Less than 24 hours after losing manager Sam Allardyce, Sunderland have replaced him with former Manchester United and Everton boss David Moyes.
The Premier League side had begun talking to Moyes as soon as it was became evident that Allardyce was the FA’s first choice for the England job, and as such it was a simple process of finalising his acquisition once the position became vacant yesterday afternoon.
He was odds-on favourite for the role since the beginning, and it seemed only a matter of when, rather thatn if, the 53-year-old would be appearing in the Stadium of Light dugout.
Speaking to the club’s website about the appointment, Sunderland chairman Ellis Short revealed that not only was Moyes the club’s first choice for the role on this occasion, but that they have made multiple attempts to sign him in the past:
“He was my number one managerial target for the last five appointments, but his desire to honour existing contracts meant we were not able to bring him to Sunderland previously.
“To be able to finally welcome him as our manager is fantastic news for the club.
“The fact that David has committed to a four-year deal is a clear demonstration of his belief in what he can achieve here.”
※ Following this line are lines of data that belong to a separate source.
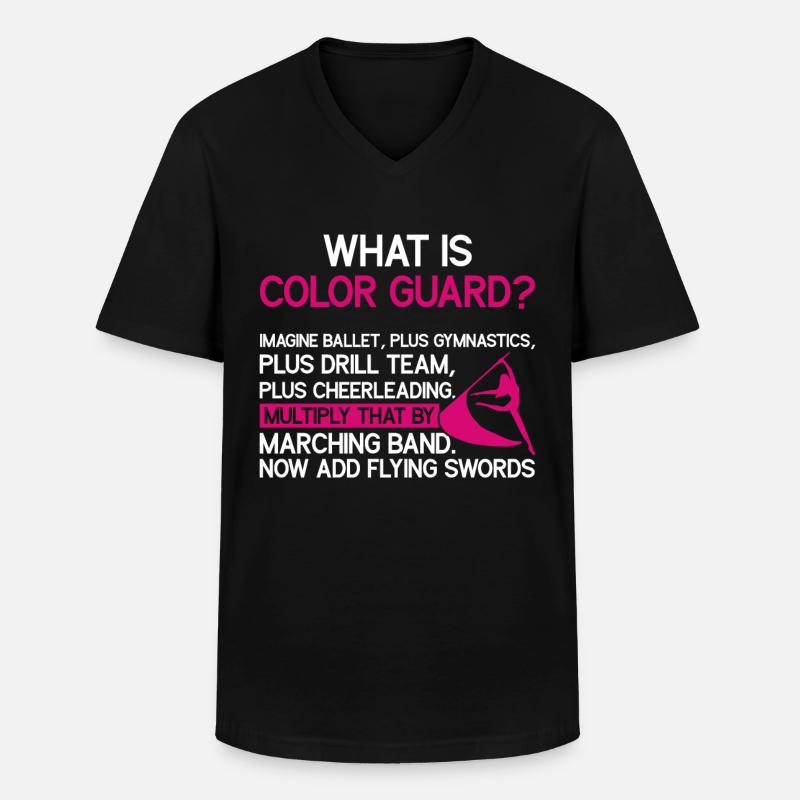 Farbschutz - Männer-T-Shirt mit V-Ausschnitt - Schwarz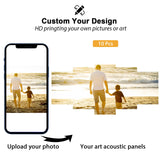 MecTo 10 Pack Custom Soundproof Panels, Personalized Sound Absorbing Wall Art, Customized Acoustic Panels, Self-Adhesive Acoustic Panels Home & Office Decor (78.7×39.3in) MecTo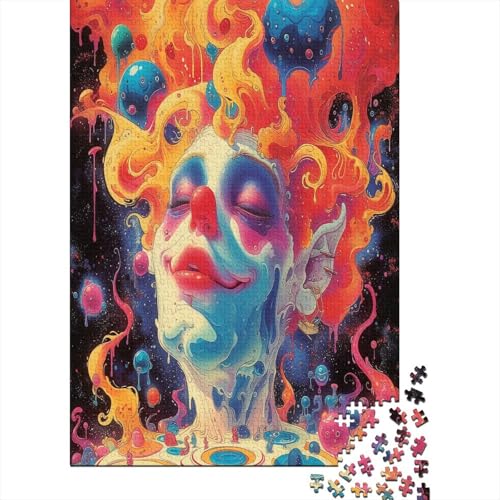Puzzles Künstlerisches Porträt Klassische Puzzles Lernspiel Herausforderung Spielzeug Schönes Mädchen Clevere Rätsel 1000-teilige Puzzles Impossible Puzzle Für Erwachsene Und Kinder 1000pcs (75x50cm) von VesFy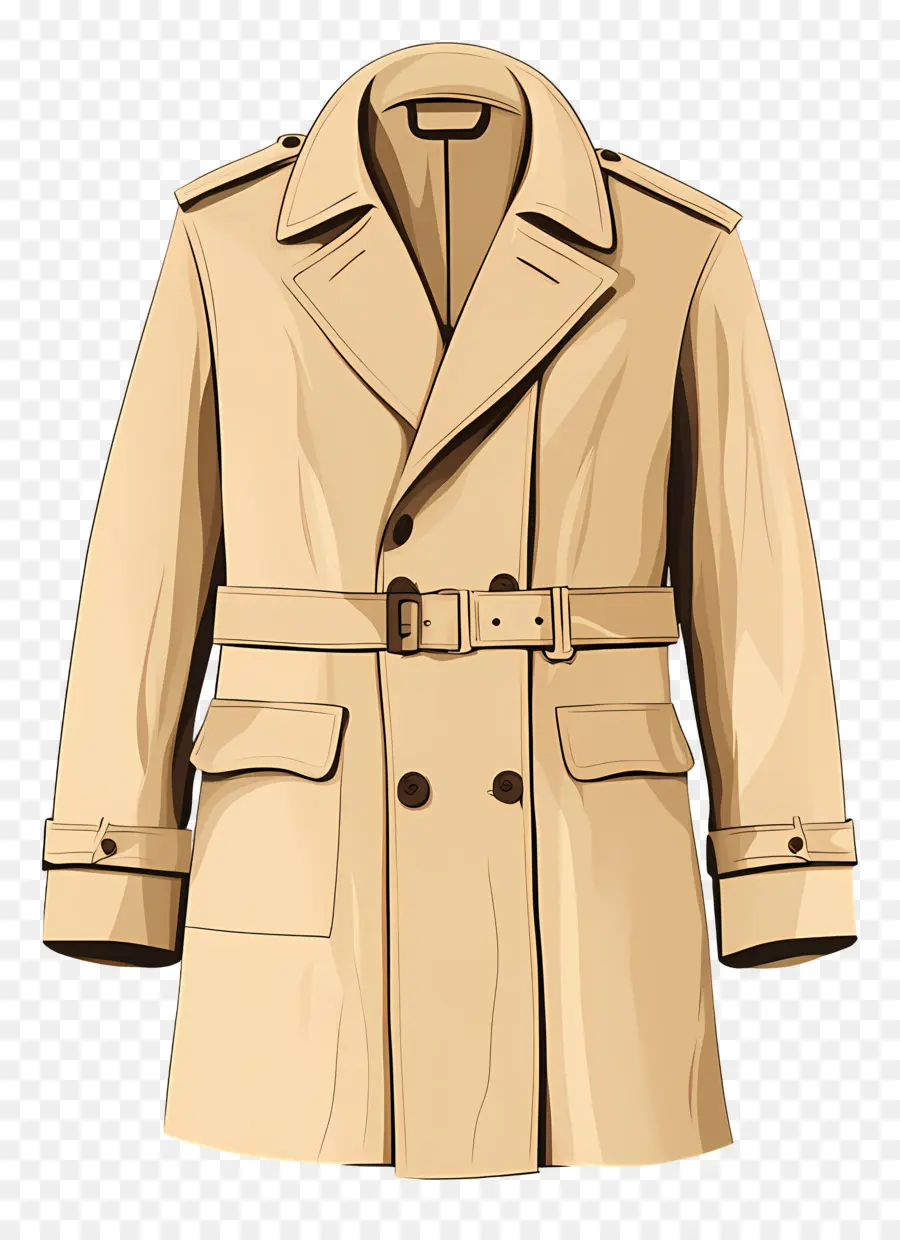 Trench Coat，Trench Beige PNG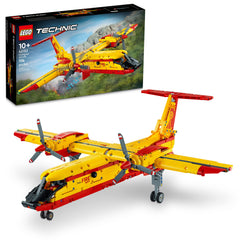 LEGO Technic Firefighter Aircraft hatch dousing action for imaginative play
Moyes himself was also delighted to be contacted, and in accepting the job it brings an end his two-year absence from the English game:
“I am delighted to have joined Sunderland. I am relishing the challenge and excited by the opportunity.
“I have taken over a big British club with a great support and I’m looking forward to working in the Premier League again.
“I look forward to continuing the good work done by Sam.”
190 – Only three PL managers (Ferguson, Wenger, Redknapp) have won more PL games than David Moyes (190). Seasoned. pic.twitter.com/Ggu39sOvni
— OptaJoe (@OptaJoe) July 23, 2016
Moyes returns to football having been sacked at Real Socieded last November, a similar fate to that which he suffered during an ill-fated nine-month spell as Sir Alex Ferguson’s successor at Manchester United in 2013/14.
His earlier managerial career was slightly more successful. He spent eleven years at Everton, guiding them to a top four finish – and Champions League football – in 2005.
He becomes Sunderland’s seventh manager in five years, but the only one not to be appointed in mid-season since Steve Bruce in 2009.